I arrived at the ferry terminal of Sakaiminato before sunset. The ferry departing here sails to Donghae, Korea and Vladivostok, Russia. There used to be the other passenger ships from Yokohama, Niigata, and Toyama, Japan to some Russian cities, but now we can only take this ferry and the small ferry connecting Wakkanai, Japan to Sakhalin, Russia during summer. The grater part of overseas lines for passengers going to Korea, China and Taiwan have been abolished. Except for luxury liners, It is only for the people who have a lot of free time to take the trouble to take the ferry, in spite of the fact that we can take LCC for cheap price nowadays. When I was talking with my friends about my journey, I often told them the reason I would take ferry “There is a dream on the sea…”, such an obscure answer. That’s because there is no special reason.
Although I could come here in a short time by taking plane, I had been dropping in various places in Japan to meet my friends. From Niigata, via Tokyo, Kawasaki, Kyoto, Okayama, Hiroshima, and Matsue, to here Sakaiminato. They are my colleague at previous job, friends who have got along with since I moved to Tokyo, classmate during studying in the Philippines, friends who used to belong to the same club in university, and a couple I met during on my trip. I haven’t seen some of them for years, but they willingly welcomed me. I have hardly thought these are last farewell, but there are less chances to meet our friends as we get older. I might not meet with them again especially for who lives far away from me if there are no special reasons. When we were having a good time with alcohol drinks, I was a bit sentimental because I felt as if I was playing back my life.
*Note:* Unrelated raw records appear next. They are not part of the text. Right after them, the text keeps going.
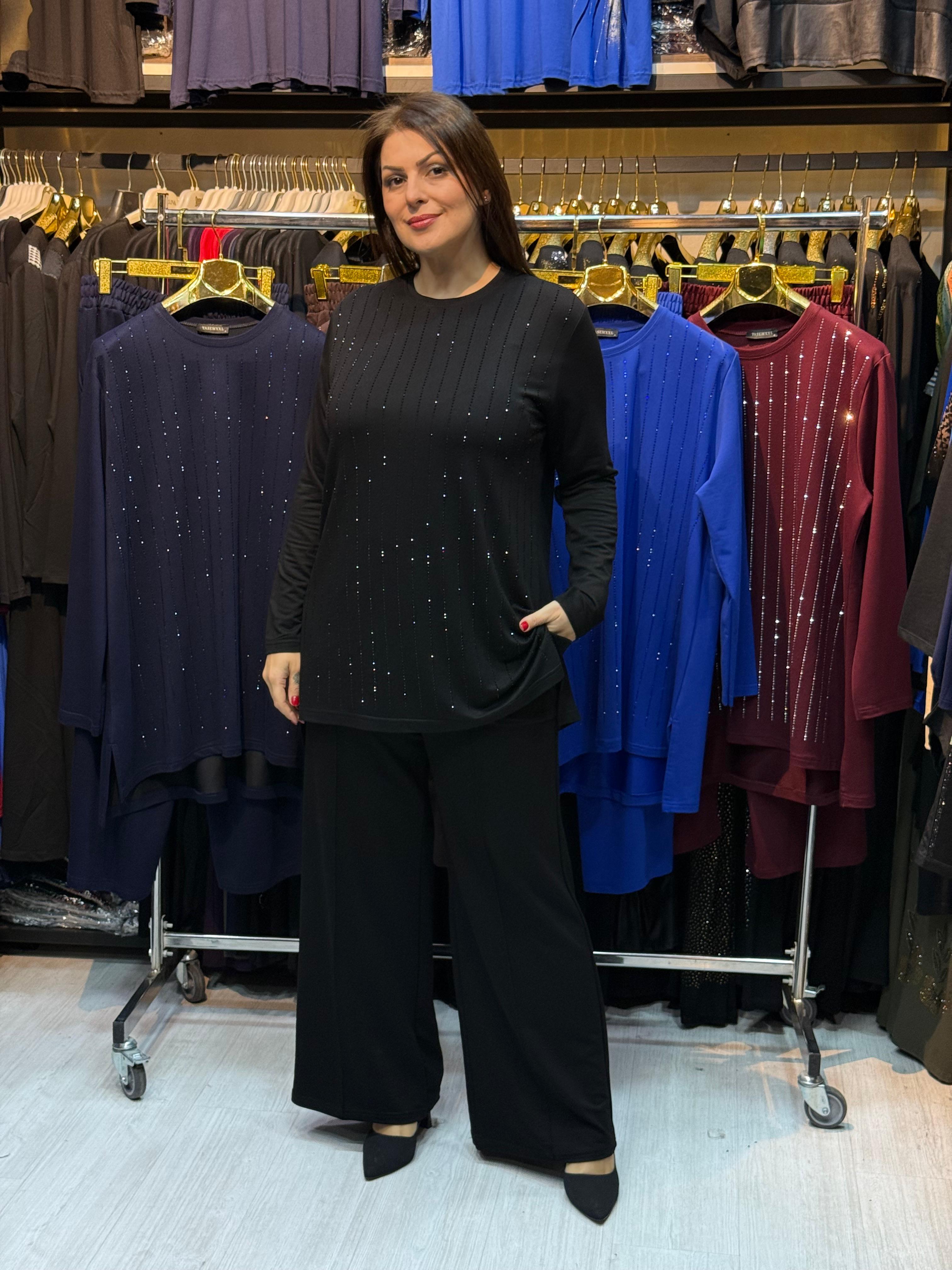 Çıma ve Taş İşlemeli Özel Tasarım Takım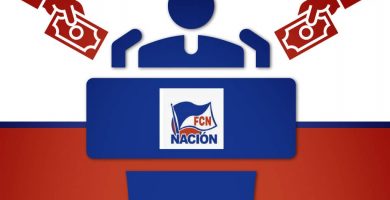 Caso Financiamiento electoral ilícito FNC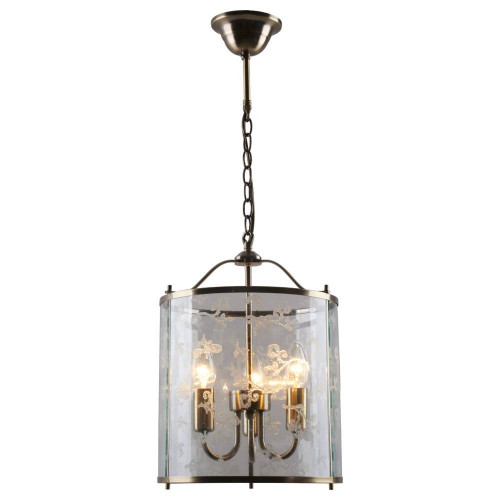 подвесная люстра arte lamp bruno a8286sp-3ab в Архангельске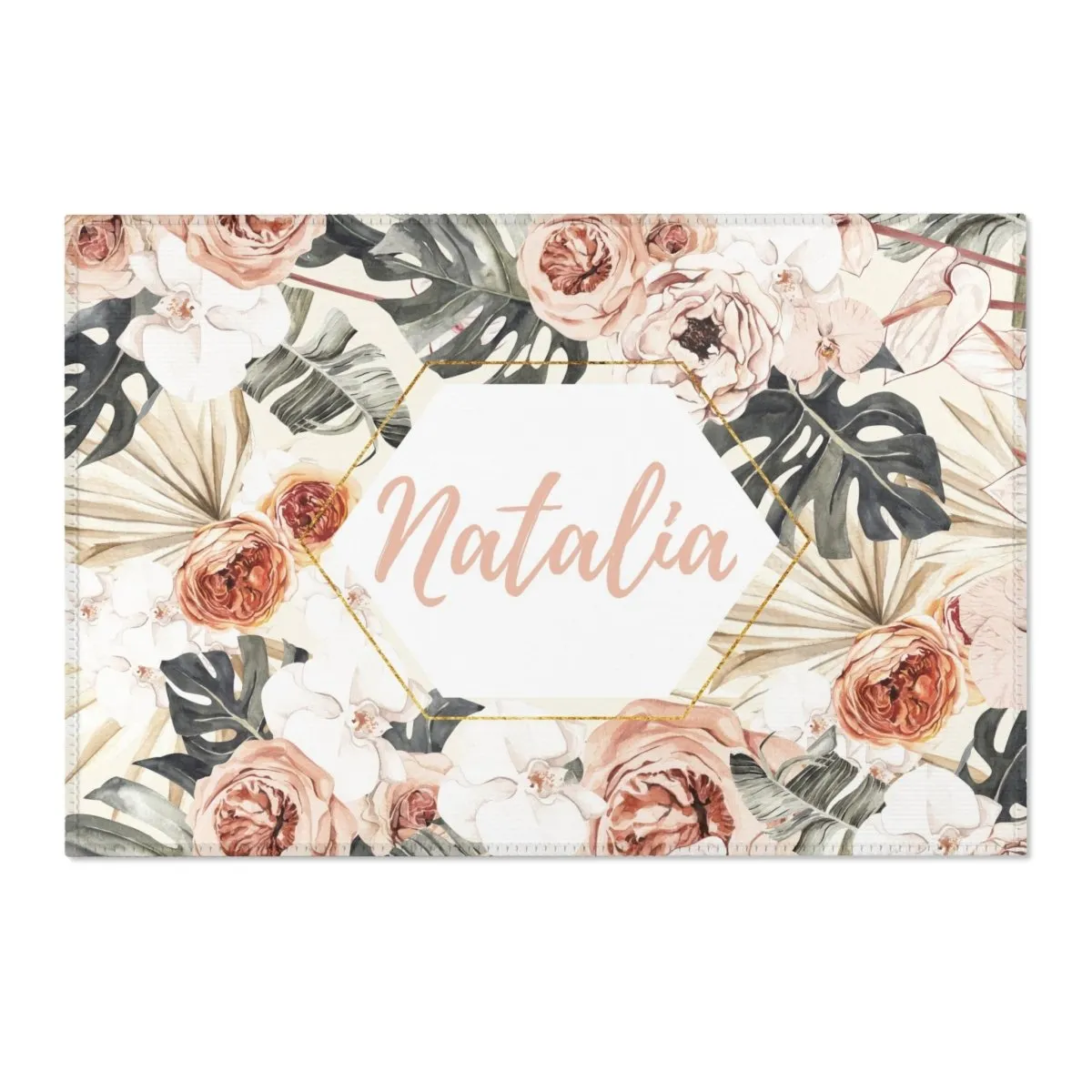 Boho Tropics Nursery Rug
One of them is going to get married, the others have their family with their child, are going abroad to get a chance for their business and struggle to achieve their goals in their jobs or communities. They are living in the present for their future. Contrary to them, I’m turning into a side road looking unclear destination. All of them said to me “You did make a big decision!”, but it is probably not crucial for my life. It is also ideal that we will be working until the retirement age and spending peaceful life. I wonder that what’s important for our life is to live hard as I can convince myself that the decision is not wrong.
As the sailing time was coming, many passengers have come to the deck and looked the Japan sea being gradually painted red. All I heard was tones of Korean and Russian. We didn't know each other, but I was feeling a sense of unity. This ferry has sailed for Donghae at the scheduled time 7PM. Someone who I don’t know is waving to someone who I don’t know. I did it too like them in my mind. See you someday, hopefully.